Sent by Rick Flower on 16 January 2005 03:03
Eric A. Meyer wrote:
> At 21:53 -0800 1/14/05, Rick Flower wrote:
>
>> I'm hoping that someone can clue me in on why the website listed
>> below (a tutorial site) has a solid grey background when the doctype
>> is listed as HTML 4.01 Transitional, but when switched over to XHTML
>> 1.0 Transitional (on my own server) it only has the grey background
>> on the areas that actually have content -- meaning about the first
>> 1-2" on the top of the page. The rest of the page is white.
>
>
> That's because XHTML 1.0 Transitional, in browsers such as Firefox
> and IE6, triggers what's known as "standards mode". In this mode,
> browsers do their utmost to follow the CSS specification (as well as
> XHTML and others) without regard for legacy behaviors. What it's
> doing is correct: the 'body' element is only as tall as its content.
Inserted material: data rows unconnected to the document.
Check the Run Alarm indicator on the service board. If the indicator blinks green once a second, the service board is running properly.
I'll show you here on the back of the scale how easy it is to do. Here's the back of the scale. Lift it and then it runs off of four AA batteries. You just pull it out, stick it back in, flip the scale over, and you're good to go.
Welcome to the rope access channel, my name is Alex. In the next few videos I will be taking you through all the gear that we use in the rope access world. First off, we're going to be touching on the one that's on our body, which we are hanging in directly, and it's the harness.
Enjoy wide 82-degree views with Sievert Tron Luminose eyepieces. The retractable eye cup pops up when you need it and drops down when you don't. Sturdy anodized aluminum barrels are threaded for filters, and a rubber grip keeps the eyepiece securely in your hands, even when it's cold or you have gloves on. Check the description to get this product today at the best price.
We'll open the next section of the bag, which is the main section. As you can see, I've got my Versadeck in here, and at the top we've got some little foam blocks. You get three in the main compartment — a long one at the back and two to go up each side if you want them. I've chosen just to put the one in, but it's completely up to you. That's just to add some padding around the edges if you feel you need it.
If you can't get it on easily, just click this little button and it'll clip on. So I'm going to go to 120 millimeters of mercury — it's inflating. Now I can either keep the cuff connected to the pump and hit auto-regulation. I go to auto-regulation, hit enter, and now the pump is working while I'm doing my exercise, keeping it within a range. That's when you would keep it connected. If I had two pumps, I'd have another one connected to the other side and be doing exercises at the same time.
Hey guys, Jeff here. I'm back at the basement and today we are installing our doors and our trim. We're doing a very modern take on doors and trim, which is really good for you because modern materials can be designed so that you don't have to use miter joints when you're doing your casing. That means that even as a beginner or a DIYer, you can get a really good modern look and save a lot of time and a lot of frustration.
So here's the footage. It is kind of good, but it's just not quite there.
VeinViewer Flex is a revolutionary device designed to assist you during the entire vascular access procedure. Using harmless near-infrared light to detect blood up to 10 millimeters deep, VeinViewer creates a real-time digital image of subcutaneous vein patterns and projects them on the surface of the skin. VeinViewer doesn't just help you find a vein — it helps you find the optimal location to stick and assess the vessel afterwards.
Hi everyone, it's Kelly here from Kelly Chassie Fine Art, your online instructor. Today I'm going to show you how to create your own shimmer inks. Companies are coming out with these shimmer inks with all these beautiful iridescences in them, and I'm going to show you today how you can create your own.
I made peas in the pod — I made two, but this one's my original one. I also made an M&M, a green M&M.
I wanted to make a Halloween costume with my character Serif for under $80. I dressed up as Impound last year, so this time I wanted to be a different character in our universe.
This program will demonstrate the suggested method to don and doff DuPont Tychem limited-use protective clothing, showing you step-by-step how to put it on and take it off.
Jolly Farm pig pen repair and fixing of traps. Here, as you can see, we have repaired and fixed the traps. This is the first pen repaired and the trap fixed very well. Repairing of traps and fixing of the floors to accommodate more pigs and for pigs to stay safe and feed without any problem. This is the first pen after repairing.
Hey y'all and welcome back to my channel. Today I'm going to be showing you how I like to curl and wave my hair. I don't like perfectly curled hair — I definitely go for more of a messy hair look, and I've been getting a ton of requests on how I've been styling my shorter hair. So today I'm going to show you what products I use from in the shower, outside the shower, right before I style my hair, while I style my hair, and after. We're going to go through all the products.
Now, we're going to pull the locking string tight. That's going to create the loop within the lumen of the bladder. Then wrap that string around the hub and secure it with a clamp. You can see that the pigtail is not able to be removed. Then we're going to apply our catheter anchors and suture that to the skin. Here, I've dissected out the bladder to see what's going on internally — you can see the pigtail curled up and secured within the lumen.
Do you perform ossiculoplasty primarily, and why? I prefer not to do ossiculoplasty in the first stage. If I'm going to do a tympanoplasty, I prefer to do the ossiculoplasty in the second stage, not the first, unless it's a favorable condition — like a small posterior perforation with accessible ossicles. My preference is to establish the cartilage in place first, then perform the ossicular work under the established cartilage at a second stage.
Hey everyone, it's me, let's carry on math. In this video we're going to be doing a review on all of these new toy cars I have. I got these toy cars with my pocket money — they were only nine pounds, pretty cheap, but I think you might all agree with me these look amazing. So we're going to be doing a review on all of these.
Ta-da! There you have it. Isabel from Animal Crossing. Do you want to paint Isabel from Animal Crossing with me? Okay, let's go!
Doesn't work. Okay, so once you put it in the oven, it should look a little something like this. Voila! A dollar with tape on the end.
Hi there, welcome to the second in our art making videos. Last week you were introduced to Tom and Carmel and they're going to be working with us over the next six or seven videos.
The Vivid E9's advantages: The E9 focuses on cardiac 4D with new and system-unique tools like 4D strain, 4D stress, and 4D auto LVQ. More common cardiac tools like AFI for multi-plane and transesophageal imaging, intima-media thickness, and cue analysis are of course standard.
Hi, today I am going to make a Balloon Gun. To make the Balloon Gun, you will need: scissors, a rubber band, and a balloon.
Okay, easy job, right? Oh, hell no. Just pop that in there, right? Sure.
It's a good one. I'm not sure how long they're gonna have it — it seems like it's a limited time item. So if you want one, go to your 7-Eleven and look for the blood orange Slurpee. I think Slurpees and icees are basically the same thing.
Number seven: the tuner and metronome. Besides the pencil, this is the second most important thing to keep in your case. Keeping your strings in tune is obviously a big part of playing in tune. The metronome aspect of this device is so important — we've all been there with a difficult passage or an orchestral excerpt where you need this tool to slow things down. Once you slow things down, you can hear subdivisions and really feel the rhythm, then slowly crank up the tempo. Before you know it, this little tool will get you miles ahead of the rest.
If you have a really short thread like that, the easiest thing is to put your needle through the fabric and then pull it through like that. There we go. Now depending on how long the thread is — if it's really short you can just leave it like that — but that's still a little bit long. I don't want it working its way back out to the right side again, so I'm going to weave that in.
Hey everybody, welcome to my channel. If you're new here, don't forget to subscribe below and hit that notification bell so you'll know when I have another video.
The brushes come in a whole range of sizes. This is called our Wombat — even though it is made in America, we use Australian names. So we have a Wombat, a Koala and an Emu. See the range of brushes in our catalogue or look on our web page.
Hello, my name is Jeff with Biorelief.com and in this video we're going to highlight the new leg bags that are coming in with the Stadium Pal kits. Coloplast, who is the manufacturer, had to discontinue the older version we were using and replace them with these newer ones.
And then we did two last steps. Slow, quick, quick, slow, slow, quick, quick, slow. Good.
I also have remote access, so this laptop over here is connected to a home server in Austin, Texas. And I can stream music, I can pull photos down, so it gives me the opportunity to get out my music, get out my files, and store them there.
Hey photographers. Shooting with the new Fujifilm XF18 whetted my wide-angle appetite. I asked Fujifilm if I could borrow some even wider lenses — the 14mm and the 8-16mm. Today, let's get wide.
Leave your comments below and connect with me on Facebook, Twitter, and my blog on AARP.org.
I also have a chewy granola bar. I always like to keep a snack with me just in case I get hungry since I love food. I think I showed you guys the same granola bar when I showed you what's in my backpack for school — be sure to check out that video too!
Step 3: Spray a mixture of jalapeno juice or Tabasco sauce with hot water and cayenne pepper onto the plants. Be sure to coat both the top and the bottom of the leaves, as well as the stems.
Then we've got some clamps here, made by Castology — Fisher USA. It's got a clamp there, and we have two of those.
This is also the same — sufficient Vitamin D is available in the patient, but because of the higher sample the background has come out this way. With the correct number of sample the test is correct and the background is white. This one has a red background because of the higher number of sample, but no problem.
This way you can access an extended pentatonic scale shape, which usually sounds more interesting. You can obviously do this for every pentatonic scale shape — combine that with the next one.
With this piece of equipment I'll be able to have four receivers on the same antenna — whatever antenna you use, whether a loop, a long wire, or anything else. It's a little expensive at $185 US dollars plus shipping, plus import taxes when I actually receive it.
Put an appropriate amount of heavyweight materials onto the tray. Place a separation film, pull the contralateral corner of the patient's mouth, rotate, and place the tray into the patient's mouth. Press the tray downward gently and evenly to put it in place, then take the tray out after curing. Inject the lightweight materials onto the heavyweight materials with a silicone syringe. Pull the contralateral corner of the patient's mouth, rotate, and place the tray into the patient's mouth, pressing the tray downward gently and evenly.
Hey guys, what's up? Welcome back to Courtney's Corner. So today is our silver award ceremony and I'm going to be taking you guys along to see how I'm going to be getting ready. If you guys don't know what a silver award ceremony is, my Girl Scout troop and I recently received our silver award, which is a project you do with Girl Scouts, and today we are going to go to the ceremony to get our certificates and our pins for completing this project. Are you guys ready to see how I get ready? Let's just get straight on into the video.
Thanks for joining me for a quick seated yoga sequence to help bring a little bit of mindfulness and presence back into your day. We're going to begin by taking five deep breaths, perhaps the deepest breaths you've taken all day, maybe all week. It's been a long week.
Excellent! That makes me feel *much* better.. Chock it up to being a
CSS newbie on a serious learning curve!
>> Is there a way to get the background color over the entire page
>> instead of the just the area that has content and still have XHTML
>> 1.0 Transitional?
>
>
> html {background: #D6D6D6;}
>
> That's because the root element covers the viewport, which is what I
> suspect your want ("page" is an ambiguous term). In XHTML, 'body' is
> not the root element, and so does not cover the viewport. It may
> appear to for long documents, but that's an illusion: it's actually
> longer than the viewport in those cases.
>
Cool.. I've tried this and it works like a charm.. I'd also like to
thank John Lewis who made this suggestion as well (but at the time I
hadn't actually tried it yet)!
This list is the greatest CSS resource out there! Thanks!